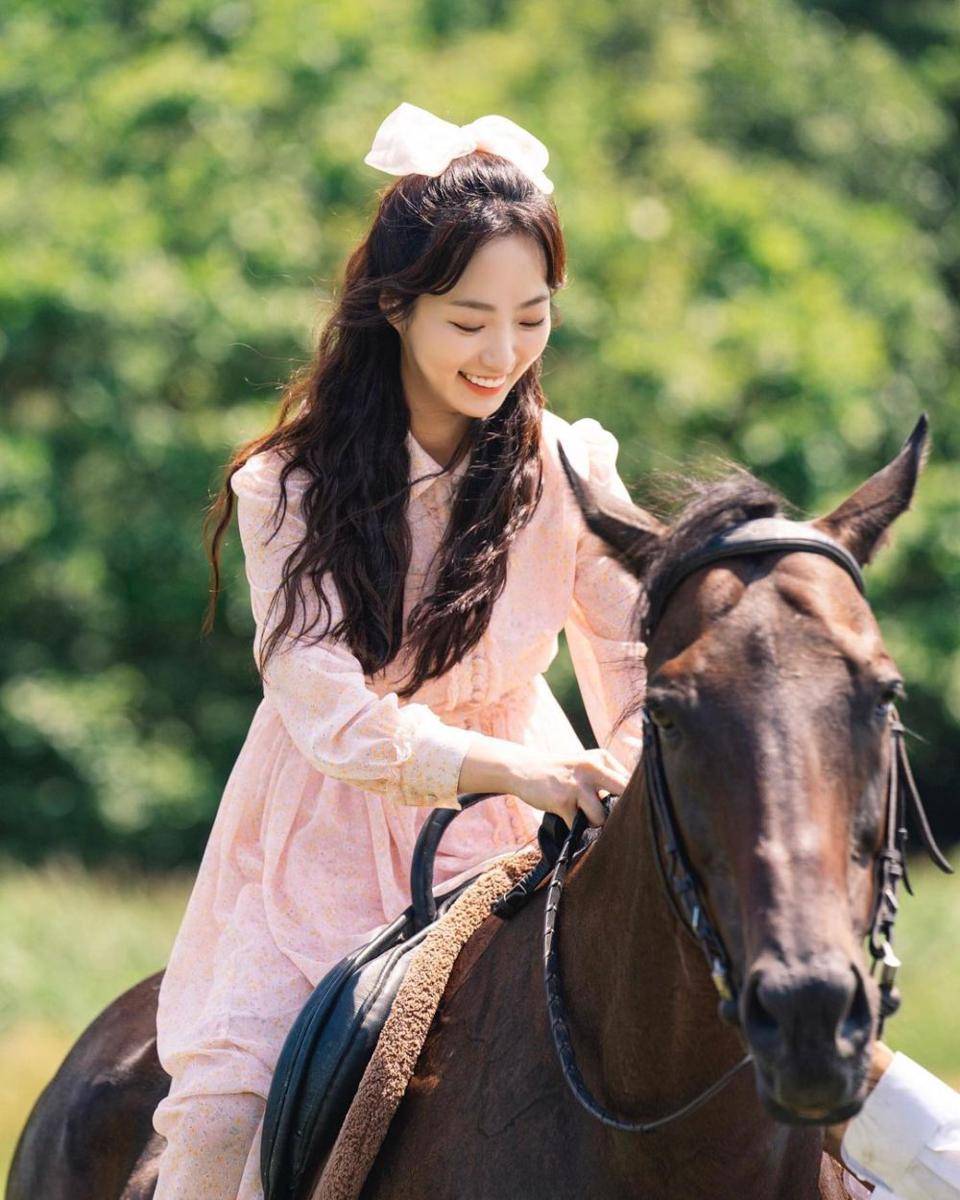 Woo Hyun Jin (instagram.com/woo_hyunjin_)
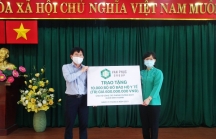 Van Phuc Group tặng 10.000 bộ đồ bảo hộ y tế cho Quận Bình Thạnh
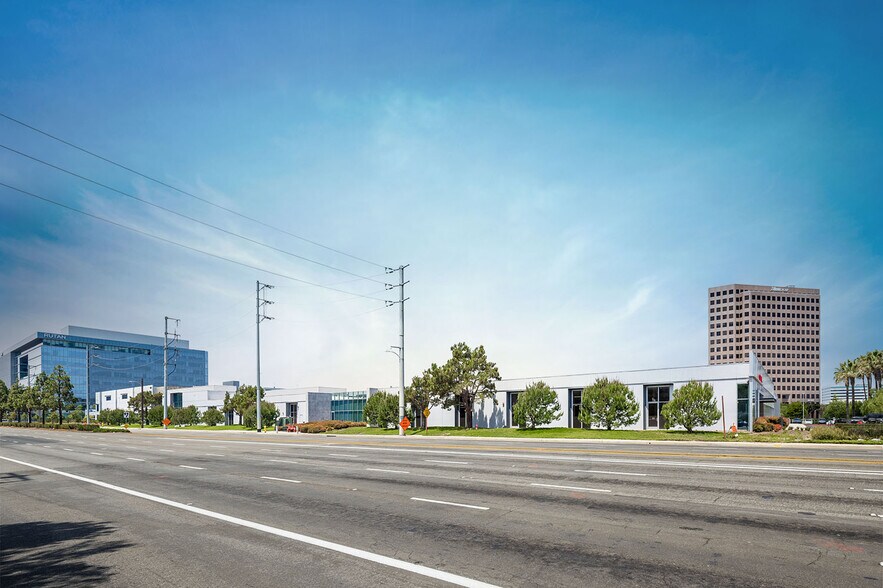 More Photos Of 2722 Michelson Dr, Irvine Office For Sale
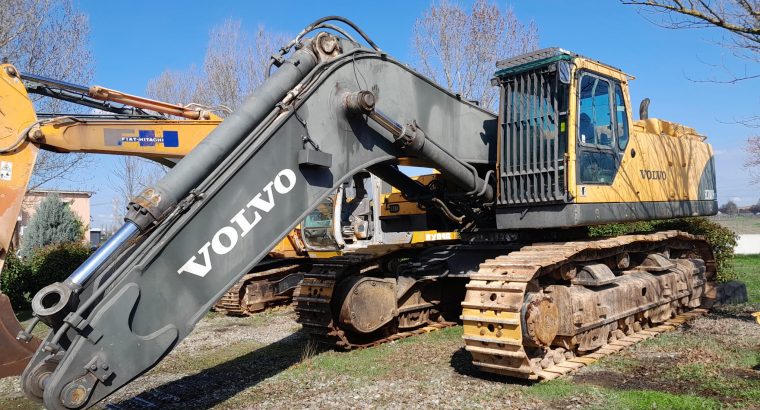 escavatore volvo ec700b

_Task brief:_ Give back every line of the material exactly as written, but not the pictures.

_Your response:_
 Woo Hyun Jin (instagram.com/woo_hyunjin_)
 Van Phuc Group tặng 10.000 bộ đồ bảo hộ y tế cho Quận Bình Thạnh
 More Photos Of 2722 Michelson Dr, Irvine Office For Sale
 escavatore volvo ec700b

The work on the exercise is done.